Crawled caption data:
──────────────────────────────

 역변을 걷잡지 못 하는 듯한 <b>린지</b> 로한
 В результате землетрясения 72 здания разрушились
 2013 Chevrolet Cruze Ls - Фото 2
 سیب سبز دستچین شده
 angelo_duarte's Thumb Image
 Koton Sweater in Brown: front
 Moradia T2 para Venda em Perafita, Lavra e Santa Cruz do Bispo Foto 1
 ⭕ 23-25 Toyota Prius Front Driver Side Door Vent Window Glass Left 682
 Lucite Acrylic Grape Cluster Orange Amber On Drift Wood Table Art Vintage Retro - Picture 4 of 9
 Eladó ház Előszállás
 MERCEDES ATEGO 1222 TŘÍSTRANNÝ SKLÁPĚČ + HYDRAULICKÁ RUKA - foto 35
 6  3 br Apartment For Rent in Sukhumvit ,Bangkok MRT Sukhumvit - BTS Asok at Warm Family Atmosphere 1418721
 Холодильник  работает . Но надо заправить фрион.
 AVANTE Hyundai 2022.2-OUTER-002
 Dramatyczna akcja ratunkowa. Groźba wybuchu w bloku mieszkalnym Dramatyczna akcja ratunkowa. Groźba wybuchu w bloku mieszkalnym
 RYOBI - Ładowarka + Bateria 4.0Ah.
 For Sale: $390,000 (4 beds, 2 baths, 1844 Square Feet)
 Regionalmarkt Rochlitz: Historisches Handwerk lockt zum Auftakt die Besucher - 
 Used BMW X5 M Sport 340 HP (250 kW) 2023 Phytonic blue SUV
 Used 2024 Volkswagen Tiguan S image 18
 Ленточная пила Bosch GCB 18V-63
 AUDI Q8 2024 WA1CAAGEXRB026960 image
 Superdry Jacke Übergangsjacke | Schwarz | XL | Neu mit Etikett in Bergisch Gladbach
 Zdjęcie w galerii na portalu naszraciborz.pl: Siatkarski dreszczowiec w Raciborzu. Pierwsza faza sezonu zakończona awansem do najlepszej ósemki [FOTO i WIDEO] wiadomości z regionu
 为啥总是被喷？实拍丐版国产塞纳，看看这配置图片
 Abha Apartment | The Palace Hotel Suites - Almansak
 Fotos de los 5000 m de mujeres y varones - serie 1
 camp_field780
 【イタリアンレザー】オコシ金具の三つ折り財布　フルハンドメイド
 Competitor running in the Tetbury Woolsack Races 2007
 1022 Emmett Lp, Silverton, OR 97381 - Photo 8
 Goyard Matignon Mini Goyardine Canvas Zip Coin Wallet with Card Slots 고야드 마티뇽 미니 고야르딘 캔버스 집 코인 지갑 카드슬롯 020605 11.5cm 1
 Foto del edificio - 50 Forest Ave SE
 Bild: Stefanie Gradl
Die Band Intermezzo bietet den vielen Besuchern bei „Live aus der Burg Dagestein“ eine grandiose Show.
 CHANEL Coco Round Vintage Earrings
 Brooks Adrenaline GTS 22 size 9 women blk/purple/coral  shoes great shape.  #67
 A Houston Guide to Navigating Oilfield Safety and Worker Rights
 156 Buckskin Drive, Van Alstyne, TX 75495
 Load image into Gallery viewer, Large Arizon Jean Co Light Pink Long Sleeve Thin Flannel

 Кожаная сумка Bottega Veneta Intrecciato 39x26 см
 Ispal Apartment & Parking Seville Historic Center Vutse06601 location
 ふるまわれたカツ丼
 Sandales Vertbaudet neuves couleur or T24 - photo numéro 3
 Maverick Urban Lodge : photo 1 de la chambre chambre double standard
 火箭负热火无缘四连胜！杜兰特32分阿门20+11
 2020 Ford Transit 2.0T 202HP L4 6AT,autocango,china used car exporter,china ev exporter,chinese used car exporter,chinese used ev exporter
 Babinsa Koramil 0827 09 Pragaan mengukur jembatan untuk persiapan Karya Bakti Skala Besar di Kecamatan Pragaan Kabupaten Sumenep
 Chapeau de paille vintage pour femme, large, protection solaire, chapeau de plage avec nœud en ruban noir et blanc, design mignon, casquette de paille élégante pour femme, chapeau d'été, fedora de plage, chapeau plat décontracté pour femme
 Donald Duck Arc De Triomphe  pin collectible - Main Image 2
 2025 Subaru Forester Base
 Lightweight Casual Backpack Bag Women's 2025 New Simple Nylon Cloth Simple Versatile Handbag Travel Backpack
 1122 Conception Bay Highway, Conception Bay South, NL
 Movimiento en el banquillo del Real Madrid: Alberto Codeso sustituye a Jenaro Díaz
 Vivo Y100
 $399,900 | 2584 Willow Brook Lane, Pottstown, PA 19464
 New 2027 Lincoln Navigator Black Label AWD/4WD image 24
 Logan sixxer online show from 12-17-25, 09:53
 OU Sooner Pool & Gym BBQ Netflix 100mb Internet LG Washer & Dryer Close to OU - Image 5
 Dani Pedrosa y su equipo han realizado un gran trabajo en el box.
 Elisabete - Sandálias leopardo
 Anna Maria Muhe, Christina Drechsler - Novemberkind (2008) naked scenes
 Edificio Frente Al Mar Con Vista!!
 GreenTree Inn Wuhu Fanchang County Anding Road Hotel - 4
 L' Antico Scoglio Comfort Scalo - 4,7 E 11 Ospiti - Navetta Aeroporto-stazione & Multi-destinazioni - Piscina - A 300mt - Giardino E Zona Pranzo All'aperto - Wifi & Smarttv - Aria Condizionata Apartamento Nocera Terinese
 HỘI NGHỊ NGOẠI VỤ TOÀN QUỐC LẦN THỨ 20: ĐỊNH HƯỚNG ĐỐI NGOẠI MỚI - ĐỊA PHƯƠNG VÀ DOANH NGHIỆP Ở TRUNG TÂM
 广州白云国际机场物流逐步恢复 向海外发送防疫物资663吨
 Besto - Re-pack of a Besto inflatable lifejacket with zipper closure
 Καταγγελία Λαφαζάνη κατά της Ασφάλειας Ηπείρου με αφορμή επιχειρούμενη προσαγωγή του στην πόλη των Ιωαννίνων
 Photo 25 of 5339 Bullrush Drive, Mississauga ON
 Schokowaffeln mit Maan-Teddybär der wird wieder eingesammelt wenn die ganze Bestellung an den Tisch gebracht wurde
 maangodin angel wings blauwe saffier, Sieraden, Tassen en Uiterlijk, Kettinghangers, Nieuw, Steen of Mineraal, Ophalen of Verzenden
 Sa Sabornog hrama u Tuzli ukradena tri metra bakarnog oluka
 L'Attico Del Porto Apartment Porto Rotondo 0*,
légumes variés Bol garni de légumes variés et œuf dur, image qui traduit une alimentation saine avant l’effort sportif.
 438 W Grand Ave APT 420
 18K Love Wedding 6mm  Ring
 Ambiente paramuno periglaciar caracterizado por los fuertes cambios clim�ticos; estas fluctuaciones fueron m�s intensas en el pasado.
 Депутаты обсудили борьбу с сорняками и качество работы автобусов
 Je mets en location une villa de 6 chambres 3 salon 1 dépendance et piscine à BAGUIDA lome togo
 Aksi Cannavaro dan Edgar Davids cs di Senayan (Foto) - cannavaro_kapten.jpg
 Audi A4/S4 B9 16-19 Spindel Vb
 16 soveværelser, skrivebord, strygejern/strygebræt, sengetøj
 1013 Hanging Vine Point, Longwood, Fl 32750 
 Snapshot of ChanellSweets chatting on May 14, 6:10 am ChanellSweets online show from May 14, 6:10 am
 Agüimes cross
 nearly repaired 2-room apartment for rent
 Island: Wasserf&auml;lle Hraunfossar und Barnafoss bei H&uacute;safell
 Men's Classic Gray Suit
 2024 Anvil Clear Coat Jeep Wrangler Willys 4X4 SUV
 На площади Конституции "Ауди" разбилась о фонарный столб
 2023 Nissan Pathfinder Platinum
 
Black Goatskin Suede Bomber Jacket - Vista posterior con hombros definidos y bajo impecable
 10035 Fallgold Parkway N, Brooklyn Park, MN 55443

──────────────────────────────

## TASK BRIEF
I'd like the lines above from the one with "Abha Apartment |" up to and including the one with "1022 Emmett Lp, Silverton, OR" copied exactly, with no other lines.

## SOLUTION FOR THIS TASK
 Abha Apartment | The Palace Hotel Suites - Almansak
 Fotos de los 5000 m de mujeres y varones - serie 1
 camp_field780
 【イタリアンレザー】オコシ金具の三つ折り財布　フルハンドメイド
 Competitor running in the Tetbury Woolsack Races 2007
 1022 Emmett Lp, Silverton, OR 97381 - Photo 8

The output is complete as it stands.